Commercial Mortgage Quick Reference Guide
A non-recourse commercial loan is the opposite of a recourse loan on commercial property. Recourse loans require the personal guarantee of the borrower(s) so that in the event of loan default, whatever money the bank doesn't recoup from the property, the borrower and their personal assets are on the line for the balance of the funds to make the bank whole. CMBS loans, for example, are generally non-recourse financial instruments.
In the case of non-recourse commercial loans, the bank’s only way to recoup lost investment and yield in the event of a default is through the property itself and the income the property generates. This is obviously an advantage for borrowers, because who wouldn’t want less risk and exposure? Conversely, non-recourse loans carry higher risks for lenders and investors. Because of this, the commercial lender often requires certain property types, and classes, in primary markets. Property income (both past and present) are also determining factors, as well as lower leverage.
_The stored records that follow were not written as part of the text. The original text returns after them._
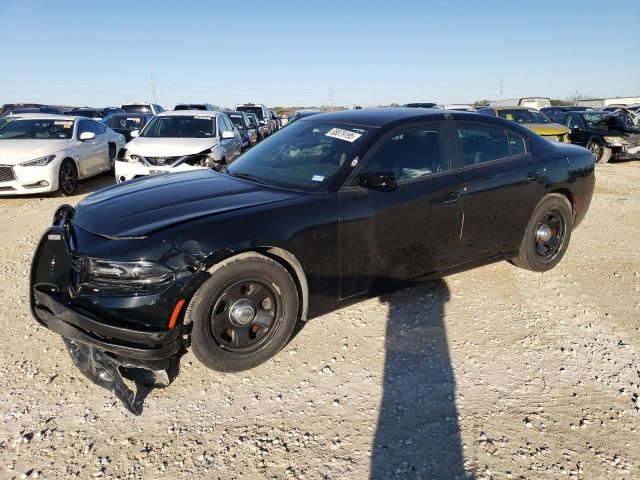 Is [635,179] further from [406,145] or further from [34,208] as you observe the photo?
[34,208]

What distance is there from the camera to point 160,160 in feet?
25.0

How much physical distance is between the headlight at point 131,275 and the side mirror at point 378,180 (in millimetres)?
1428

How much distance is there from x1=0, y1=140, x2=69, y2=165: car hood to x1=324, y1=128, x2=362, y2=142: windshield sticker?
6547mm

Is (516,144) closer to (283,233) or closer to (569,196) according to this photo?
(569,196)

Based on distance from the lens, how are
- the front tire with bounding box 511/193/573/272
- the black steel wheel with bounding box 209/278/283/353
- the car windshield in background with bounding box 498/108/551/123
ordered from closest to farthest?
the black steel wheel with bounding box 209/278/283/353 → the front tire with bounding box 511/193/573/272 → the car windshield in background with bounding box 498/108/551/123

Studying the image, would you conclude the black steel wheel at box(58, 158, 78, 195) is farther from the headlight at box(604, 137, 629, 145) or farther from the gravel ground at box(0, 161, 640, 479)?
the headlight at box(604, 137, 629, 145)

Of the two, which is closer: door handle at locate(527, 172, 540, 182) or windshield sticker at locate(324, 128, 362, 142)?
windshield sticker at locate(324, 128, 362, 142)

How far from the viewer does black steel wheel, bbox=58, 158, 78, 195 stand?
27.3 ft

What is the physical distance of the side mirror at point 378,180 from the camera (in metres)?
3.15

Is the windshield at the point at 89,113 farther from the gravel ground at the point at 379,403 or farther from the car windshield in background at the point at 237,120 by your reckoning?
the gravel ground at the point at 379,403

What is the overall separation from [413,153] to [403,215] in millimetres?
569

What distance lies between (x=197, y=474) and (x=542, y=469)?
1.66 m

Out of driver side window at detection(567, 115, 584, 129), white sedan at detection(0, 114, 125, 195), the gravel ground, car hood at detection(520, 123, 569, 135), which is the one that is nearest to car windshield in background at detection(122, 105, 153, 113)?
white sedan at detection(0, 114, 125, 195)

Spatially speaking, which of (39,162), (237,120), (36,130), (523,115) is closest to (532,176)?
(39,162) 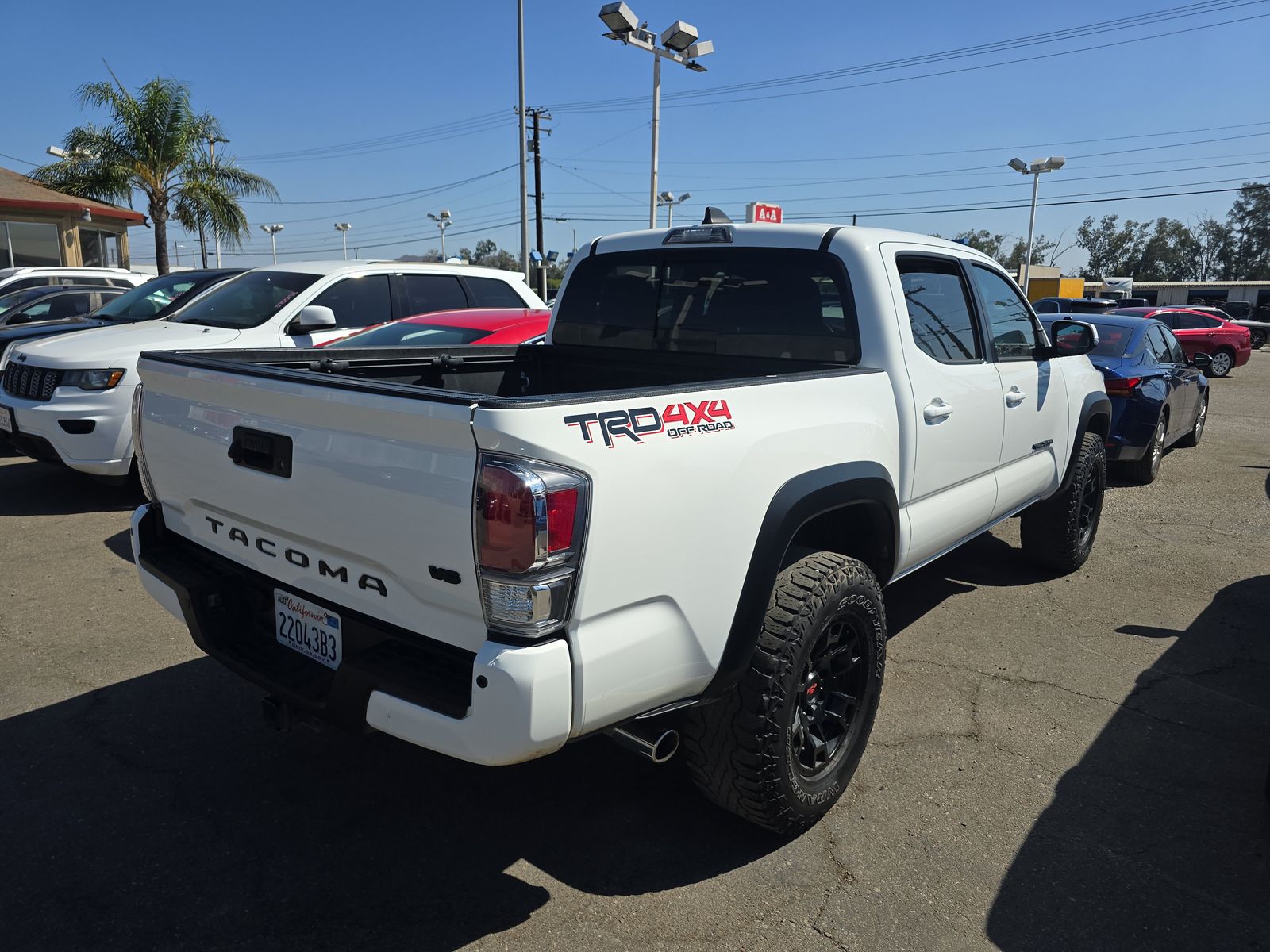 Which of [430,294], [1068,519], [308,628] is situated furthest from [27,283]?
[1068,519]

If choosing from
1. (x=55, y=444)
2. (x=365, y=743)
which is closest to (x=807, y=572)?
(x=365, y=743)

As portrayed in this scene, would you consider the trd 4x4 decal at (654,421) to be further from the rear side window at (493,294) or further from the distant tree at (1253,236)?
the distant tree at (1253,236)

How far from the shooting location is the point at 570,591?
2061mm

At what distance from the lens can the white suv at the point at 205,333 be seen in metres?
6.33

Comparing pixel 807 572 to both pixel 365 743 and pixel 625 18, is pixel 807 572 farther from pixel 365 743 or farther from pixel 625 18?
pixel 625 18

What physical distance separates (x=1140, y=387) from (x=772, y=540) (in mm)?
6892

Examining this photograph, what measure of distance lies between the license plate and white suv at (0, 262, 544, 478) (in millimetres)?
4062

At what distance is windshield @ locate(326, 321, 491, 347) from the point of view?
7066mm

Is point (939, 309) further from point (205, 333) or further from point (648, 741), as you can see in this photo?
point (205, 333)

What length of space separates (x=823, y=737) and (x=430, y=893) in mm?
1357

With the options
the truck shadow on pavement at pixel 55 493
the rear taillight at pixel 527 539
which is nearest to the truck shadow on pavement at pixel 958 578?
the rear taillight at pixel 527 539

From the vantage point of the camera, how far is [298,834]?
2.85m

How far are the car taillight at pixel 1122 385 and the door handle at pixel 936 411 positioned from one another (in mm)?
5279

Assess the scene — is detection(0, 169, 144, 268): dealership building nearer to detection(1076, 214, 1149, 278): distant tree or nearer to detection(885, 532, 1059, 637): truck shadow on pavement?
detection(885, 532, 1059, 637): truck shadow on pavement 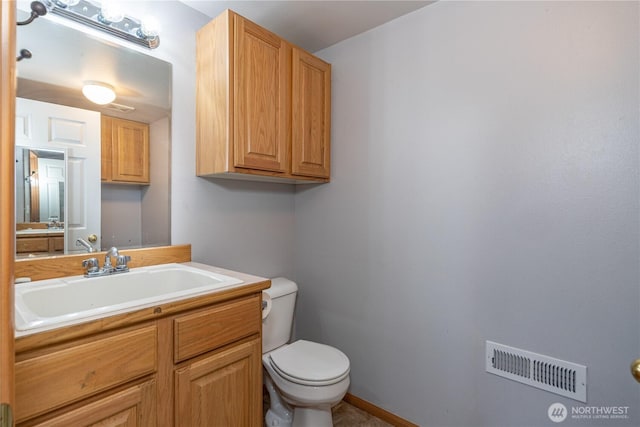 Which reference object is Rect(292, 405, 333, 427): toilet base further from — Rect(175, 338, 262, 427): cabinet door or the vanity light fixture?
the vanity light fixture

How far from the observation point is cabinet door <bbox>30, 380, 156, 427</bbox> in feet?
2.67

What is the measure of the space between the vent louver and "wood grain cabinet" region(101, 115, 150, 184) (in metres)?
1.90

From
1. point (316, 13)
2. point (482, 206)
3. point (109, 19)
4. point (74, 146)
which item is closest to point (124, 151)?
point (74, 146)

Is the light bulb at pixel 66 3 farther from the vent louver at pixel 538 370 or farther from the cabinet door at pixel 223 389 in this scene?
the vent louver at pixel 538 370

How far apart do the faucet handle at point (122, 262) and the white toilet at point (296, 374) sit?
71cm

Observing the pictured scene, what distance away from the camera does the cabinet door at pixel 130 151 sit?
1470mm

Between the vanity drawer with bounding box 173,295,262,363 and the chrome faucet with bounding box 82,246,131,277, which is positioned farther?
the chrome faucet with bounding box 82,246,131,277

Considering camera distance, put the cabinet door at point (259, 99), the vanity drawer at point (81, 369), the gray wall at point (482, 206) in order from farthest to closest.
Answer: the cabinet door at point (259, 99) < the gray wall at point (482, 206) < the vanity drawer at point (81, 369)

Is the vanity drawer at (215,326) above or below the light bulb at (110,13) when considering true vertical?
below

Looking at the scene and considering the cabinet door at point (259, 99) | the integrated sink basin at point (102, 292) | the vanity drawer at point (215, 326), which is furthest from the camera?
the cabinet door at point (259, 99)

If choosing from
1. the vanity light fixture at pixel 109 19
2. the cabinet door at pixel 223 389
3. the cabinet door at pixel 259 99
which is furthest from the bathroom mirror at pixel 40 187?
the cabinet door at pixel 223 389

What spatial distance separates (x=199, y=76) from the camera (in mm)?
1679

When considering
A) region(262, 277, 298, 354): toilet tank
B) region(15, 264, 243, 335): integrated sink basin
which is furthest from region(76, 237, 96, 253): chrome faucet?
region(262, 277, 298, 354): toilet tank

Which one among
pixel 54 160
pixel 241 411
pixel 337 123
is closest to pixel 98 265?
pixel 54 160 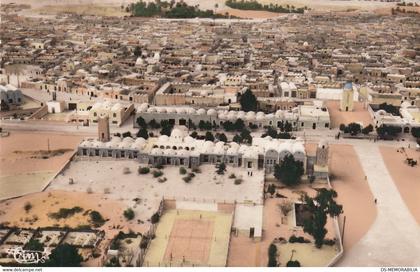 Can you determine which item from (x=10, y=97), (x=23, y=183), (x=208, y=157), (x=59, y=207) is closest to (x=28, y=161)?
(x=23, y=183)

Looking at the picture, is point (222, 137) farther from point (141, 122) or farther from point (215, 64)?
point (215, 64)

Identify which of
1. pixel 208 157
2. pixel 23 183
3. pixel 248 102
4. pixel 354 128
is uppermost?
pixel 248 102

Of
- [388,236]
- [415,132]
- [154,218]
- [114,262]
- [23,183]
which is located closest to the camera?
[114,262]

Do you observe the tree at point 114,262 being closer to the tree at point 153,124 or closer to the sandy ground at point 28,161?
the sandy ground at point 28,161

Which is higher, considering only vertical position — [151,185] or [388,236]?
[151,185]

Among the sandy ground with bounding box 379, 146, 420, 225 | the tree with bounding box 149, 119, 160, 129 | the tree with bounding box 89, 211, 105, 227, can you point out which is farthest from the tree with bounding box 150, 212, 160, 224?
the tree with bounding box 149, 119, 160, 129

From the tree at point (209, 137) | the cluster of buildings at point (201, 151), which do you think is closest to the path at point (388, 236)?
the cluster of buildings at point (201, 151)

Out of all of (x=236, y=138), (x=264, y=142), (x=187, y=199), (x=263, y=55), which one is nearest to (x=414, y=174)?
(x=264, y=142) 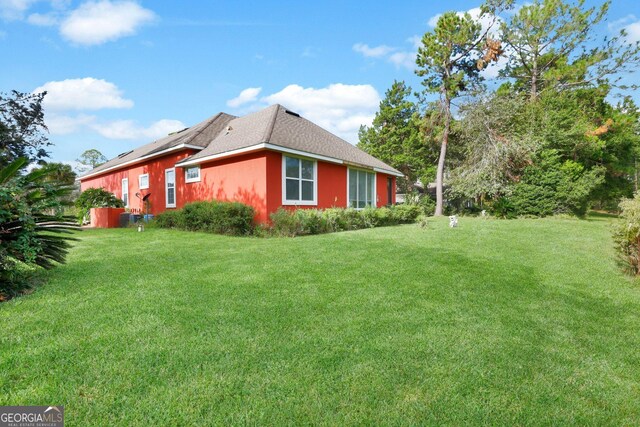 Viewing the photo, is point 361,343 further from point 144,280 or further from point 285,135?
point 285,135

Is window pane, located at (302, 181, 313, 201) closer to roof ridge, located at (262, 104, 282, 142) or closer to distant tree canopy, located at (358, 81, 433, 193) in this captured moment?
roof ridge, located at (262, 104, 282, 142)

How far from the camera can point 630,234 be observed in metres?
5.46

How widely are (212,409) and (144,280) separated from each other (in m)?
3.26

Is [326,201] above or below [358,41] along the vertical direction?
below

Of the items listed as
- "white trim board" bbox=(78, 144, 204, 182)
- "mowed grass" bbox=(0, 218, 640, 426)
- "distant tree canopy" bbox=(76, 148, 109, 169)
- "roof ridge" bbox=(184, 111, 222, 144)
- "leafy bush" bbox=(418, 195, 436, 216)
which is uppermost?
"distant tree canopy" bbox=(76, 148, 109, 169)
Non-recourse commercial mortgage loans are also generally only available to borrowers that are very strong financially, because in those cases, a default is of course less likely because the borrower has the financial means to make sure that the property’s income is used for the property. Commercial mortgage lenders will also require a very experienced borrower for making a non-recourse loan.
To sum things up, non-recourse loans are harder to get, but are very much the norm in the market of commercial loans over $5–$10 million. There is one caveat: most non-recourse loans come with bad boy carve-outs, which give the lender full recourse if a borrower is negligent or does anything fraudulent. These carve-outs can quickly convert a non-recourse mortgage loan into a full-recourse loan.